4. AI haircut previews

If you (or the shop on your behalf) request an AI preview, your front photo and the chosen haircut style are sent to OpenAI via OpenAI's API to generate a preview image. OpenAI processes the image under its own API privacy and data-usage terms and returns the generated image to Taper. Taper does not retain the image with OpenAI for training or fine-tuning, in line with OpenAI's standard API data-usage policy.

AI previews are illustrative only. They are not a guarantee of how a haircut will actually look on you. Variations in lighting, hair growth pattern, scalp visibility, and barber technique mean the real-world result will differ. The preview is a visualisation aid, not a contractual outcome.

The shop owner can delete a saved preview from their dashboard at any time. If you want yours deleted immediately, ask the shop, or email us at privacy@taper.style.

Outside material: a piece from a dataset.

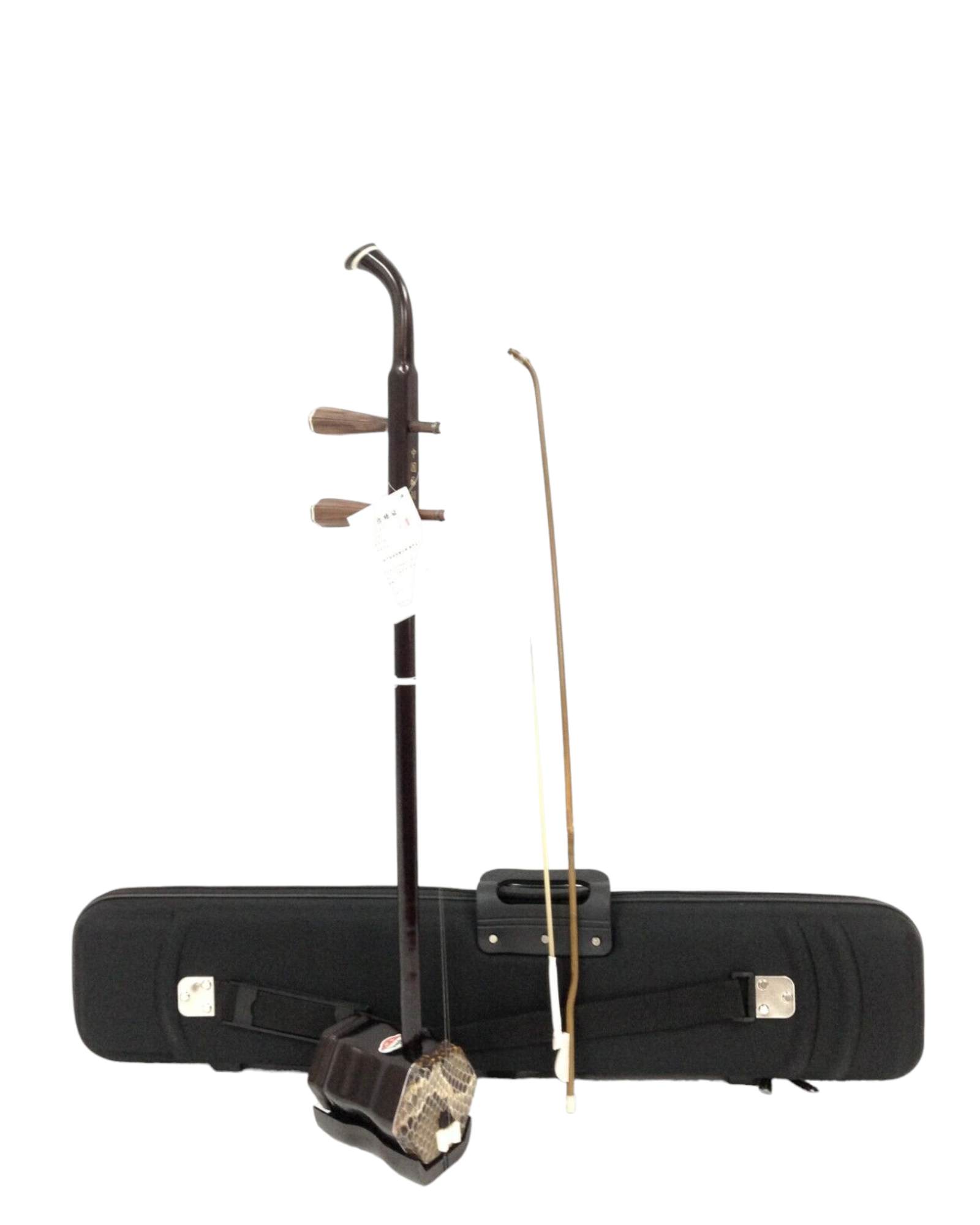 Chinese Erhu 2-string Violin Fiddle Musical Instrument Ling Yan L190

5. Marketing & SMS / email contact

A shop will only send you SMS reminders or marketing if you tick the consent box on the iPad or queue page (Spam Act 2003 — express consent). You can withdraw consent at any time by replying STOP to an SMS, clicking unsubscribe in an email, or telling the shop. Taper itself only emails you about your Taper account, security alerts, and changes to this policy or our Terms.

6. How long we keep things

Customer photos and AI previews: retained for 90 days by default, then automatically purged unless the shop has saved them as part of a cut card portfolio with your consent.
Cut cards and client records: retained while the shop is an active Taper customer, plus 12 months. The shop can delete individual records at any time.
Account & billing records: kept for 7 years to comply with Australian tax law.
Server logs: 90 days.

7. Where it's stored

Taper hosts the application on DigitalOcean infrastructure in Sydney, Australia. Stripe processes payments globally. OpenAI processes AI previews on OpenAI's infrastructure (United States). Where data is sent overseas, we take reasonable steps to ensure it's handled to a standard equivalent to the APPs (APP 8.1).

8. Security

We use HTTPS for all connections, hash passwords with bcrypt, and store API keys server-side only. No system is perfectly secure; if we discover a breach that's likely to result in serious harm to you, we'll notify you and the OAIC under the Notifiable Data Breaches scheme.

9. Your rights

You can ask us to:

See the personal information we hold about you
Correct anything that's wrong
Delete your data ("right to be forgotten")
Export a copy of your data
Stop marketing contact

Email privacy@taper.style from the address linked to your account, or contact your barbershop. We respond within 30 days. If you're not satisfied, you can complain to the Office of the Australian Information Commissioner.

10. Cookies

Taper uses only the minimum cookies needed to keep you logged in and to remember your shop. We don't run third-party advertising trackers. The marketing site at taper.style does not set tracking cookies for visitors who don't sign in.

11. Children

Taper isn't designed for under-16s. If a customer under 16 wants to try the iPad preview, the shop should obtain parental consent first.

12. Changes

We'll post material changes here and notify shop owners by email at least 14 days before they take effect.

13. Contact

Privacy questions: privacy@taper.style
General contact: hello@taper.style
Operator: Taper, Melbourne, Australia.

Note for barbershop owners. When you use Taper, you commit to obtaining proper consent from your customers before collecting their photo, mobile, or email, and to honouring requests they make about their data. Our Data Processing Addendum (available on request) sets this out in full.